PRINT December 2003

FILM: Best of 2003

Stephanie Zacharek


1. Lost in Translation (Sofia Coppola) A sustained mood of rapturous melancholy infuses this exquisite jet-lag romance.

2. To Be and To Have (Nicolas Philibert) A documentary about a French country school that cuts to the heart of the anxieties and joys of childhood and the vocation of teaching, sentimentalizing neither.

3. Spellbound (Jeffrey Blitz) Blitz’s wonderful documentary about the National Spelling Bee features the screen’s most suspenseful moments since Al Pacino’s restaurant scene in The Godfather.

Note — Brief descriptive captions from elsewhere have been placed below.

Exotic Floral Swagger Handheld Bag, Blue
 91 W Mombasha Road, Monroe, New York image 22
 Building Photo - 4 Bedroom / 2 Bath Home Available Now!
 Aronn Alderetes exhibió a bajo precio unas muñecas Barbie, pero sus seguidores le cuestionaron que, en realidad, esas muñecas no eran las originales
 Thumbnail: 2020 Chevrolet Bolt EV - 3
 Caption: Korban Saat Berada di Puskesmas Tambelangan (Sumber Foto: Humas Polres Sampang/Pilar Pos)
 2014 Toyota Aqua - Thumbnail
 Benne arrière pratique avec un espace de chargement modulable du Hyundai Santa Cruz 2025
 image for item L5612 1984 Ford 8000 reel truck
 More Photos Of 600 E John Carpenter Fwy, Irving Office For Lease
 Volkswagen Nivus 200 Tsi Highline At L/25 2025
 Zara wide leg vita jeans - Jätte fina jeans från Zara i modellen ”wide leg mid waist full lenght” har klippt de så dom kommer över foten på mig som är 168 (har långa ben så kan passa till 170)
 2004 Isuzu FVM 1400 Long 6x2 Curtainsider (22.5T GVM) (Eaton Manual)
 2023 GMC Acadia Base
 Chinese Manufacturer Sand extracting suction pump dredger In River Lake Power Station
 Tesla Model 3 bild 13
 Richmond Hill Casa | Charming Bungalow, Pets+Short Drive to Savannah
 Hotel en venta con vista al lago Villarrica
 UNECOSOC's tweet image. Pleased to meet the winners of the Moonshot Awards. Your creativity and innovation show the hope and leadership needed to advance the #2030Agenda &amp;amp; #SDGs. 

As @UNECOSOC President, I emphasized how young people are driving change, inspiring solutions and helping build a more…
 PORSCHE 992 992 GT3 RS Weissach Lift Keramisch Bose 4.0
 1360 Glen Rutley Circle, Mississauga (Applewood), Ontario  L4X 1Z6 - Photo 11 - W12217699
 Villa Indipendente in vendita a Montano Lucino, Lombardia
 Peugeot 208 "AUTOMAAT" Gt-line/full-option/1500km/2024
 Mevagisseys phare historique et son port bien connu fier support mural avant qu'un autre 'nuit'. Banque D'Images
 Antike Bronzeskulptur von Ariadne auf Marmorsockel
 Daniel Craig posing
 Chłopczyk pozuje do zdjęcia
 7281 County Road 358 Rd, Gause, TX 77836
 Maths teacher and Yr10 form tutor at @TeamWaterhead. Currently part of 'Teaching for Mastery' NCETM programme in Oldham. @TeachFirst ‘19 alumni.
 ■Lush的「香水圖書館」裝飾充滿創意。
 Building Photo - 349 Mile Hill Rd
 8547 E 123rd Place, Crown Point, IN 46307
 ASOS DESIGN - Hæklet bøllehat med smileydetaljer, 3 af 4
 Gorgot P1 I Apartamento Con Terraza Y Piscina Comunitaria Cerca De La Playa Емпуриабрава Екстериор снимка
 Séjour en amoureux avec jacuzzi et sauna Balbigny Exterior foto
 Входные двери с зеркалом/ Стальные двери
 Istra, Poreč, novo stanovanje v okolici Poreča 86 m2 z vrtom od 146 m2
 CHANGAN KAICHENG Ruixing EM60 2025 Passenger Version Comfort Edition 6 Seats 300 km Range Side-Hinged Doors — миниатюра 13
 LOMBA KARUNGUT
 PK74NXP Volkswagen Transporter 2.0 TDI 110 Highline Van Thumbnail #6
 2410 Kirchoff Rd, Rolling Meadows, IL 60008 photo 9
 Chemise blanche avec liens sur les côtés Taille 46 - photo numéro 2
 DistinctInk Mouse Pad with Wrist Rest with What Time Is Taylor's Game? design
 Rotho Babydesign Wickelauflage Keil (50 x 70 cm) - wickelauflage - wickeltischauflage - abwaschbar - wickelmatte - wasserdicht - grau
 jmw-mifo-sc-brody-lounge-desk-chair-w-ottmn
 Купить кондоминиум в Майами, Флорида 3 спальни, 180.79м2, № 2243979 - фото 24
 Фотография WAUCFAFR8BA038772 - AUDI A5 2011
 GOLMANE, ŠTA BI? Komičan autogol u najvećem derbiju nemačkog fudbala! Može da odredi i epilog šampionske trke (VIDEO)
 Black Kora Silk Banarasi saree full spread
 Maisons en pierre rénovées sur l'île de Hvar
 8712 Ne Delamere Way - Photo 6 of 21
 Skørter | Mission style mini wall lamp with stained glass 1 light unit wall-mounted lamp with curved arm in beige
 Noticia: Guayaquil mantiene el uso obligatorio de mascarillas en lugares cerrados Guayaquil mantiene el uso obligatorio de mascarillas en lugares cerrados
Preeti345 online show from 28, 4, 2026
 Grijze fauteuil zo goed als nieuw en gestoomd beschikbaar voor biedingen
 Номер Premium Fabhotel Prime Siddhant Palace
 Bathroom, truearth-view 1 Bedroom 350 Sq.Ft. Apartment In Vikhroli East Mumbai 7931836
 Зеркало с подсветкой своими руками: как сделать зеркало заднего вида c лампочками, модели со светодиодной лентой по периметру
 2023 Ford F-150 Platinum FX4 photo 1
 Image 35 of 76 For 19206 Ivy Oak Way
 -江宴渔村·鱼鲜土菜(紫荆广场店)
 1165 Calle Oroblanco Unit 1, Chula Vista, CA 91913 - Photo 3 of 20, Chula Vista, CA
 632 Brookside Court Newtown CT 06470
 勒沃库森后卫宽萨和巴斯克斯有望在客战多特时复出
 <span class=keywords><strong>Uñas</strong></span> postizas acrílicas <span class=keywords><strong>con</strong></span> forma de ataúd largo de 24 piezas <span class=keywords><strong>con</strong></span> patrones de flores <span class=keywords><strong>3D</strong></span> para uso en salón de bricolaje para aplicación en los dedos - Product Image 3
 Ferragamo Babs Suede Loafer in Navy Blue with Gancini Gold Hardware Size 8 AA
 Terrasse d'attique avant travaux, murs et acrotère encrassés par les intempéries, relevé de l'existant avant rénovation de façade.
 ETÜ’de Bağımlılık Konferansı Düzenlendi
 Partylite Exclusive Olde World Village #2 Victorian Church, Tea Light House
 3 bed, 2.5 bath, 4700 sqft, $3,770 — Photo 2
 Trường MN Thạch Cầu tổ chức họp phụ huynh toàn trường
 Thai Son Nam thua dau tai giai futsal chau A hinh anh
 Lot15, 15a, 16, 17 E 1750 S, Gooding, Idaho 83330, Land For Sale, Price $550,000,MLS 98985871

4. A Mighty Wind (Christopher Guest) Guest’s multilayered mockumentary about ’60s folk singers pokes fun at our nostalgia for a lost era, even as he makes us feel something for the people who stayed lost in it.

5. School of Rock (Richard Linklater) A good-for-nothing layabout makes a bunch of school kids hip to the transformative power of rock ’n’ roll, in the kind of smartly crafted mainstream comedy we thought no one knew how to make anymore.

6. American Splendor (Shari Springer Berman and Robert Pulcini) Softhearted but not softheaded, the story of comic-book author Harvey Pekar finds affirmation in crankiness.

7. Winged Migration (Jacques Perrin) Perrin changes forever the way we look at birds.

8. Masked and Anonymous (Larry Charles) Wild and strange and obliquely hilarious: Bob Dylan gives us one giant mess of a rumination on American idealism, fame, and the commodification of music.

9. Pistol Opera (Seijun Suzuki) Looks like no other picture I’ve seen in years—a vivid Japanese dreamscape as it might have been reimagined by Piet Mondrian.

10. The Dancer Upstairs (John Malkovich) An elegant yet raw political thriller that’s less about rebel terrorists than about the damage we do to ourselves and others while just trying to live.